Sugar Farmers Reject Bid To Remove Key Defendants From False Advertising Lawsuit Against Corn Processors
LOS ANGELES, Feb. 7, 2012 /PRNewswire/ -- Attorneys for the Sugar Association and sugar farmers it represents late Monday filed papers in federal court accusing members of the Corn Refiners Association (CRA) of attempting to evade liability for their roles in the creation and sponsorship of false advertising by the CRA about the sweetener high-fructose-corn-syrup (HFCS). Those claims by the CRA, which equate HFCS to natural sugar, have been made in a multi-million dollar advertising campaign underwritten by agricultural giants Archer-Daniels-Midland, Cargill and their allies, who are members of the CRA.

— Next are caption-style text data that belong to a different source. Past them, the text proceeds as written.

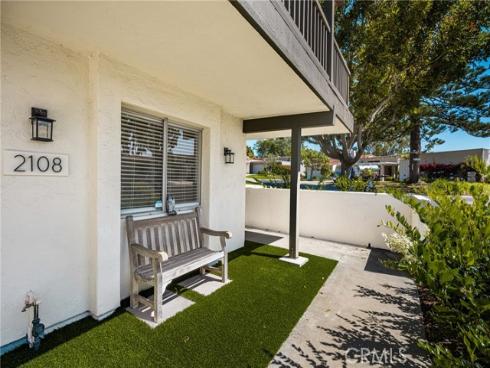 2108  Vista Entrada  , Newport Beach, CA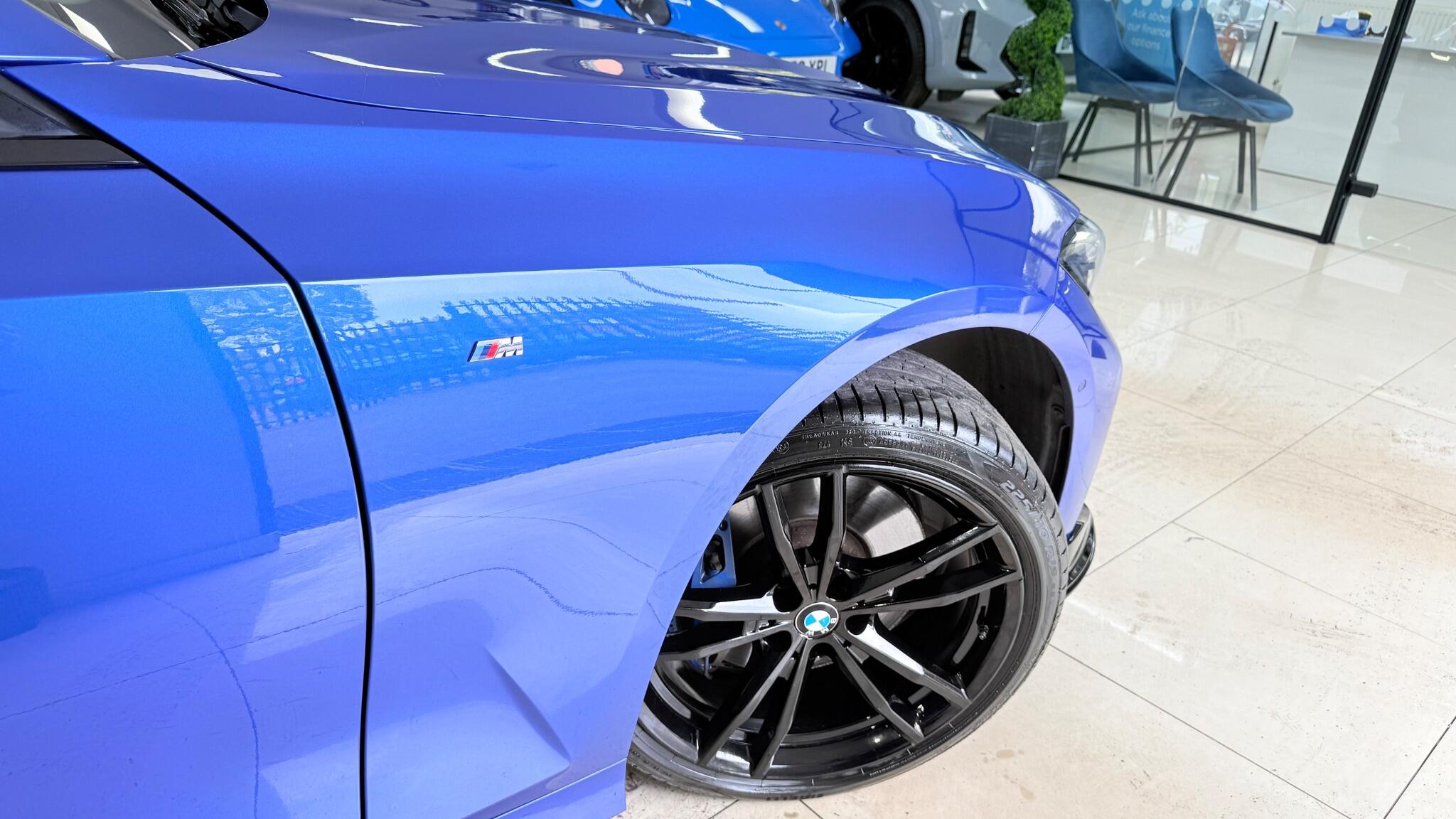 BMW 3 Series view 29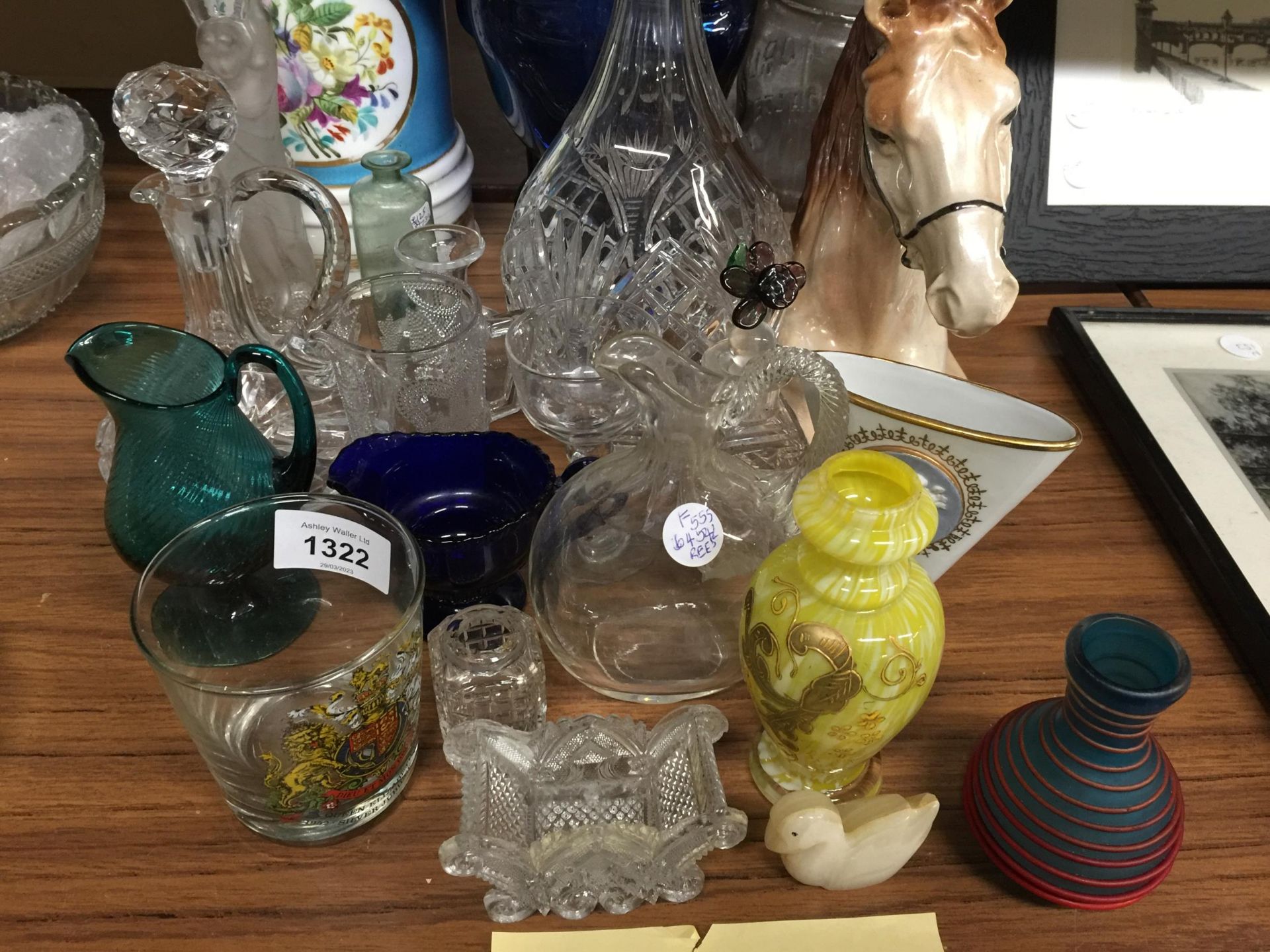 A MIXED LOT TO INCLUDE A LARGE BLUE GLASS HEAD, A CERAMIC HORSES HEAD, A DECANTER, GLASS JUGS, SMALL - Image 3 of 5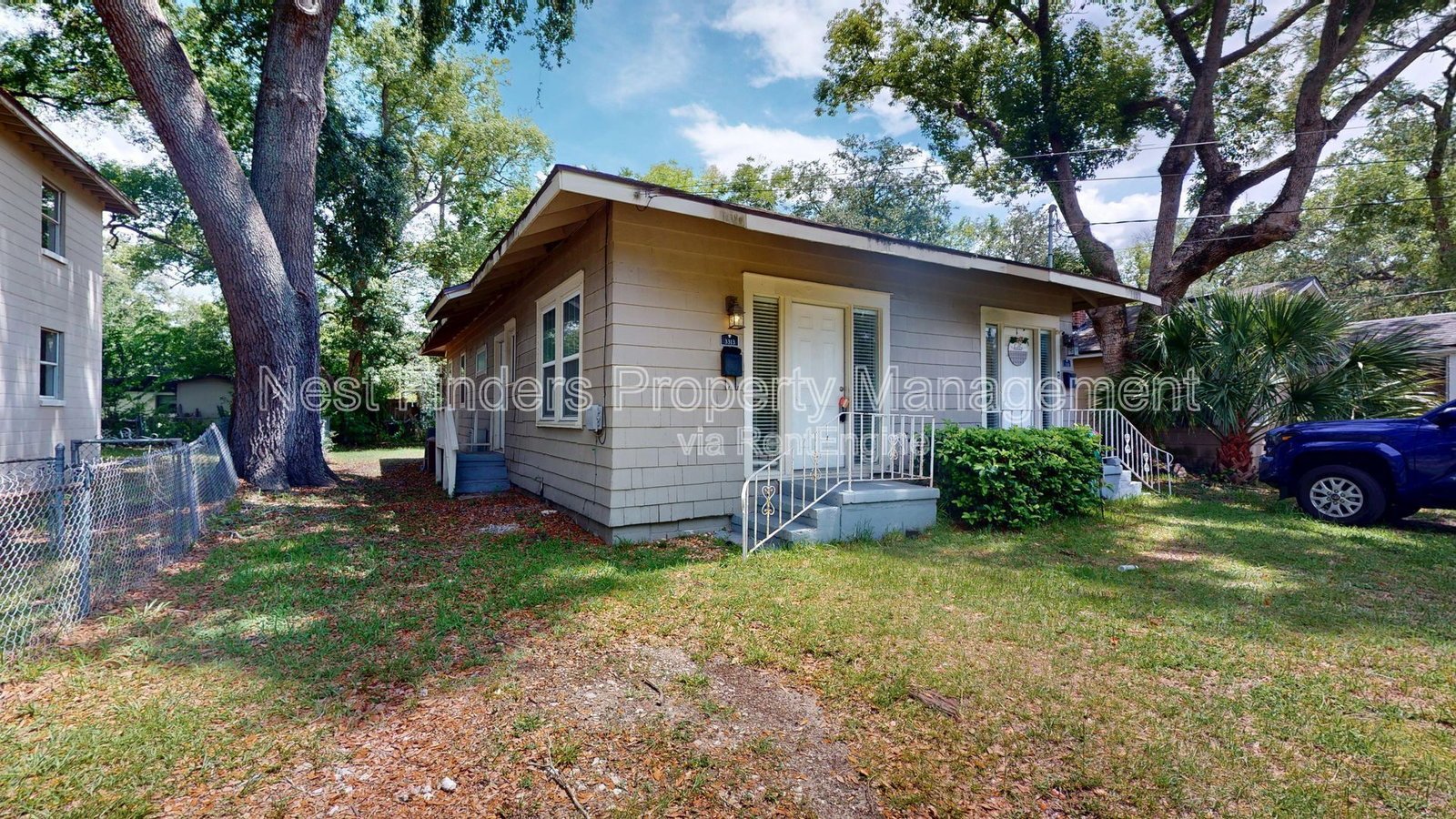 Clean and spacious San Marco 1 Bedroom duplex with large yard and great storage! property image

Federal Judge Consuelo B. Marshall already has ruled that the sugar farmers have shown "a reasonable probability of success on their argument that the statements are false," a conclusion to which a recent study in Metabolism lends additional scientific support. In their new filing, the sugar farmers allege that although several corporate members of the CRA voluntarily chose to fund, and "set the advertising campaign in motion and control it," in a "collaborative effort," they now seek to avoid the consequences of those acts. The new filing argues that these companies devised a "strategy to escape liability for their roles in the misconduct" in which they seek to "hide behind an inadequately capitalized trade association they control, govern and fund."
"The legal strategy of Archer-Daniels-Midland, Cargill and the other manufacturers of HFCS seems to borrow from the false advertising script by trying to paint the lawsuit as something that it is not," said the farmers' lead attorney, Adam Fox of Squire Sanders in Los Angeles. "These companies are trying to run away from the charges against them and the liability that goes with it."
Both sides are expected to be back in front of Judge Marshall next month.